Firebrands Hockey Club
- Full name: Firebrands Hockey Club
- League: West Men's Premier Women's England Hockey League
- Founded: 1940; 86 years ago
- Home ground: Clevedon Road (Firebrands HC & QEH Sports Ground)
- Website: Official website

= Firebrands Hockey Club =

English field hockey club

Firebrands Hockey Club sometimes called Bristol Firebrands is a field hockey club that is based at Firebrands Hockey Club on Clevedon Road in Failand, Bristol, England. The club was founded in 1940 and took the name Firebrands in 1947. The club runs five men's teams and six women's teams, in addition to various junior teams.

== History ==
The club were founded in 1940 as the Bristol Fire Service Hockey Club, formed by members of the auxiliary fire service and police regulars from the Bristol area. In 1947 the club changed its name to become the Firebrands Hockey Club and from 1947 played on the Portway until 1964.
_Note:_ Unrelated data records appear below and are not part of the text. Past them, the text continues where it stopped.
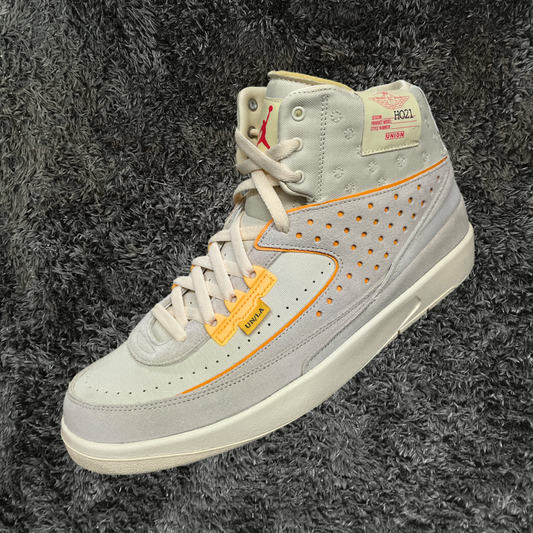 Jordan 2	Union Rattan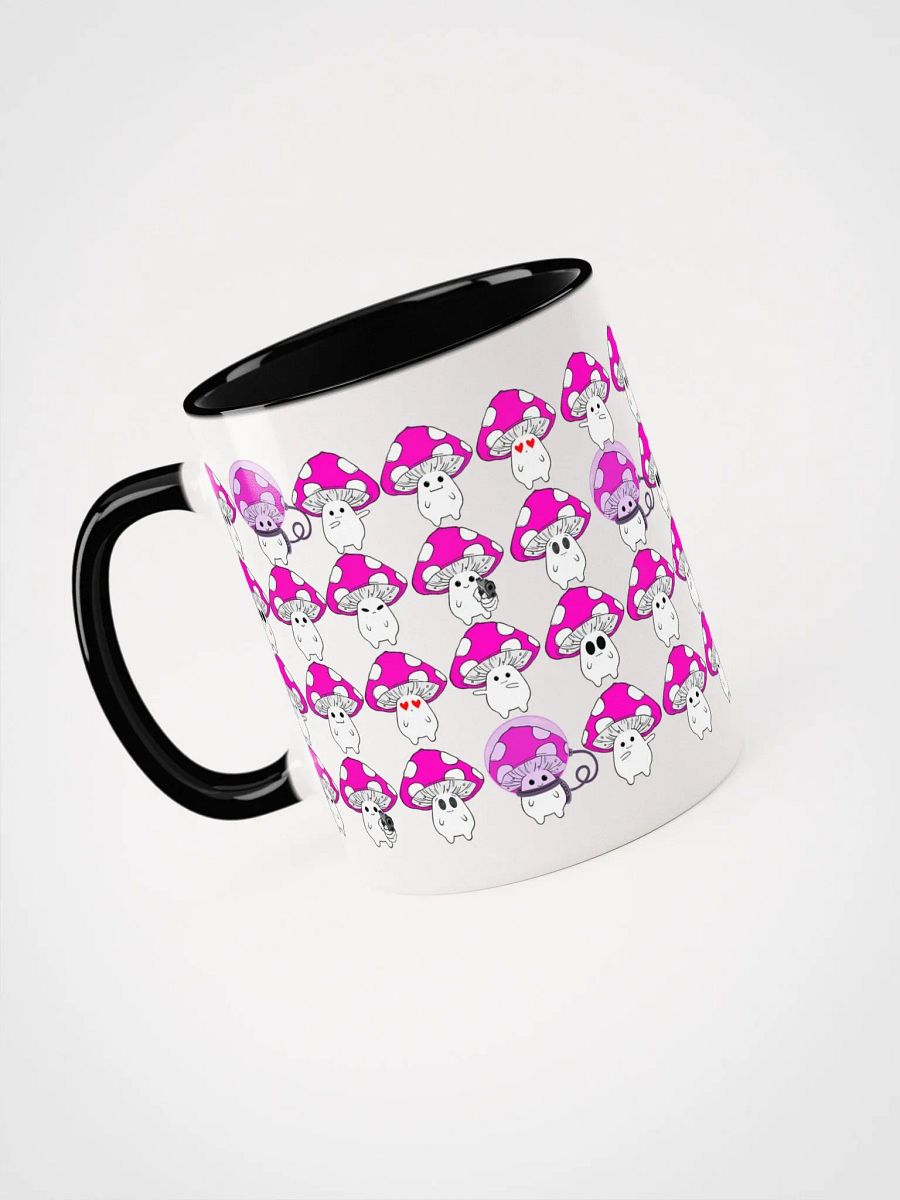 Mushroom Garden Mug product image (3)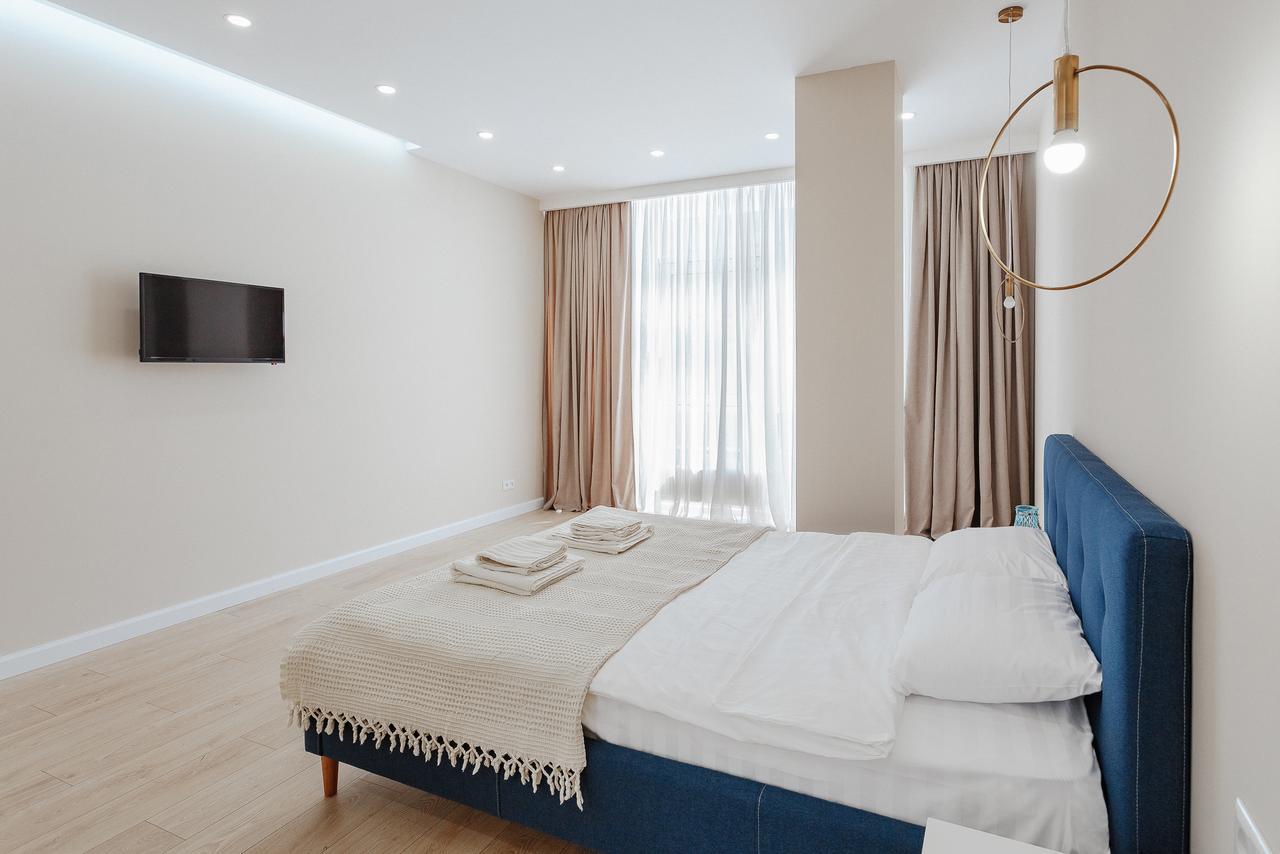 Skycity Apartments Odessa Luaran gambar
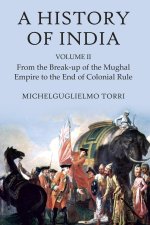 A History of India Volume 2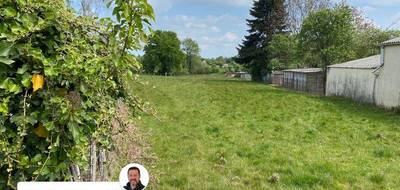 Terrain à Saint-Pardoux-le-Lac en Haute-Vienne (87) de 1631 m² à vendre au prix de 10500€ - 1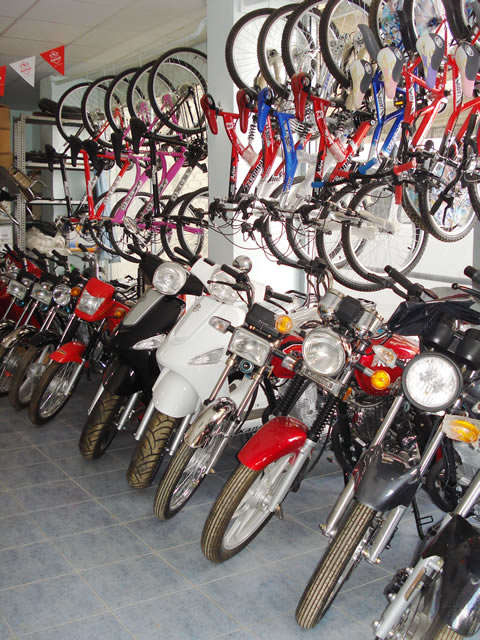 Uar Motor - Kanuni Motorsiklet - Yuki Motorsiklet - Tvs Motorsiklet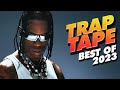 Best Rap Songs 2023 | Best of 2023 Hip Hop Mix | Trap Tape | New Year 2024 Mix | DJ Noize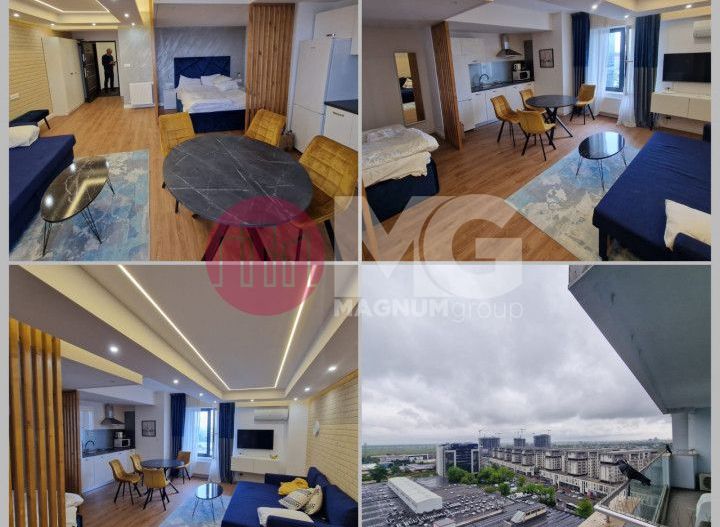 Pachet 9 apartamente- regim hotelier- un etaj intreg- 8,4% randament - Poză 1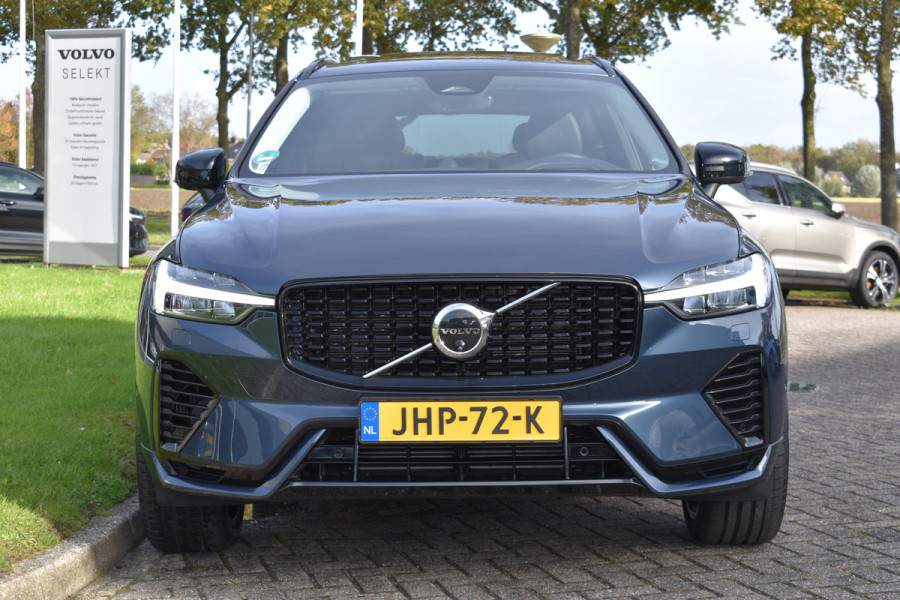 Volvo XC60 T8 AWD 455PK Plug-in Hybrid Ultra Dark | B&W | Luchtvering | HUD | Massage | Trekhaak | Stoelkoeling | Volvo XC60 T8 AWD 455PK Plug-in Hybrid Ultra Dark | B&W | Luchtvering | HUD | Massage | Trekhaak | Stoelkoeling |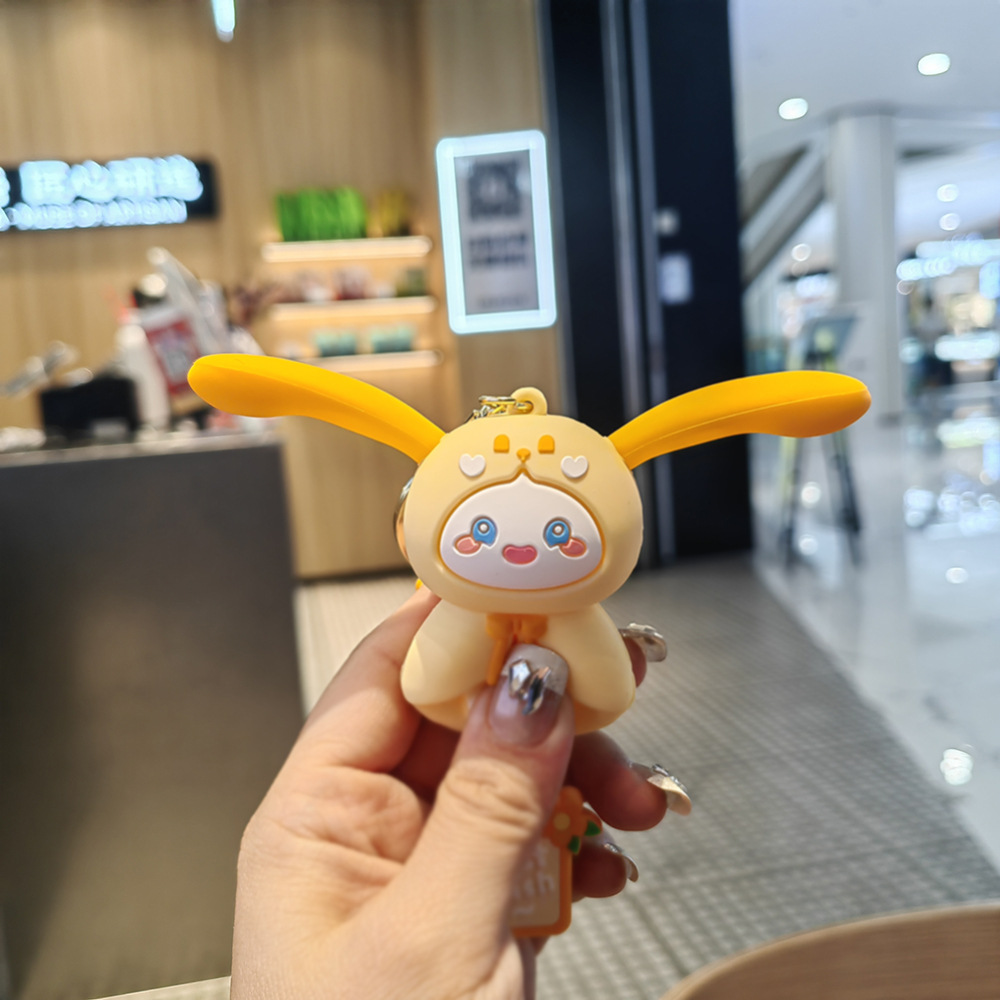 Creativo alivio viento de compresión, sorpresa de cumpleaños para niños y niñas, pequeño regalo para jardín de infantes, regalo para acompañantes, llaveros necesarios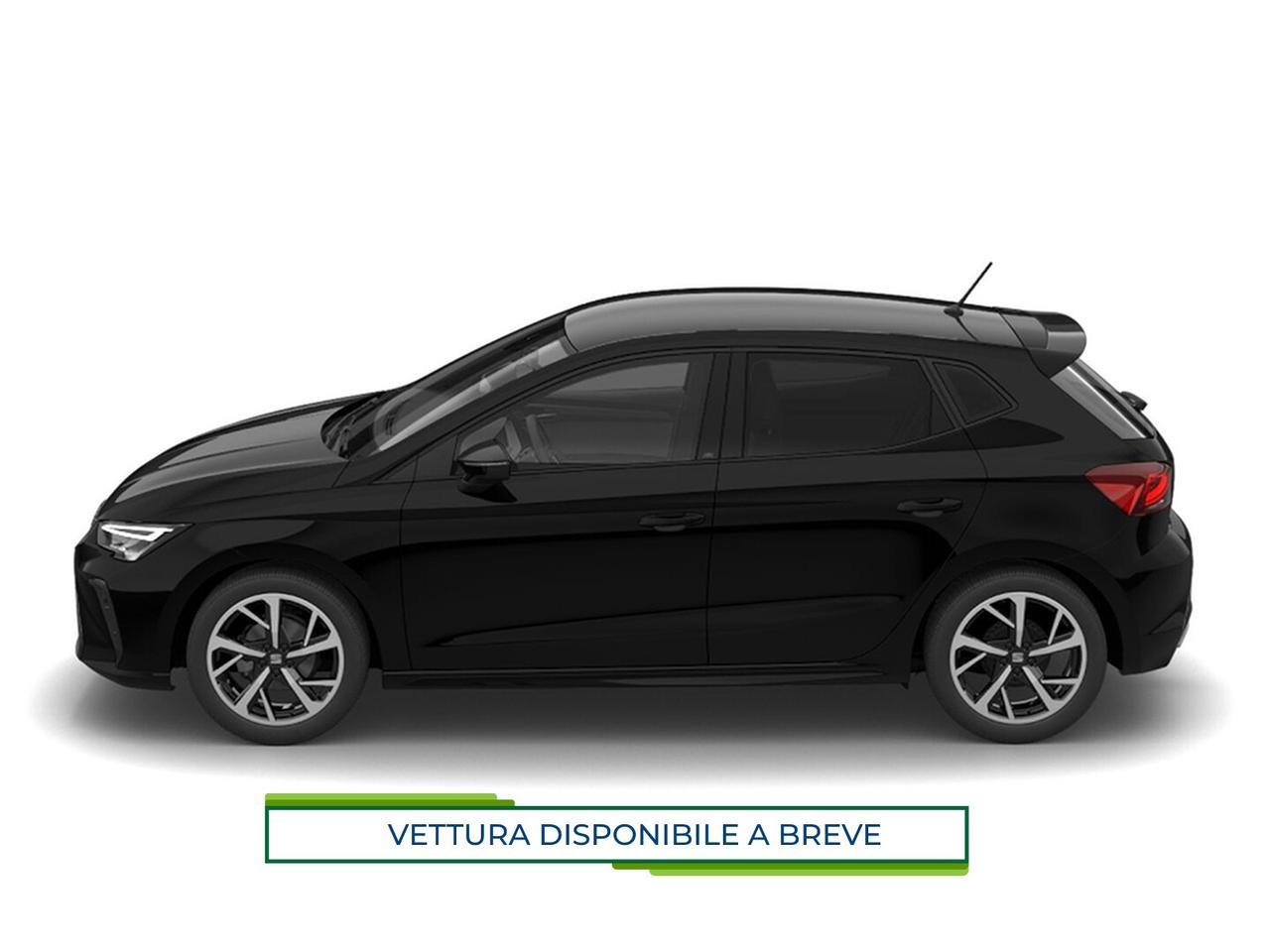 Seat Ibiza 1.0 ecotsi fr 95cv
Firebrands then spent three years at Brook Road in Speedwell until 1967 before moving to the current site in Failand, joining with the Optimists Cricket Club.

In 1985, Harry Iles a founder of the club died and in 1990 councillors refused an application for lighting at the pitch.

Under the player/coaching role of David Hacker the club sealed promotion to the men’s first division during the 1990–91 England Hockey League season and during the 1990s Firebrands played in the Premier League.

In 1995 and at the cost of £65,000 the club installed new changing rooms, a first floor balcony and bar and lounge extensions. Meanwhile in 1996 the women’s teams merged with Portishead Hockey Club.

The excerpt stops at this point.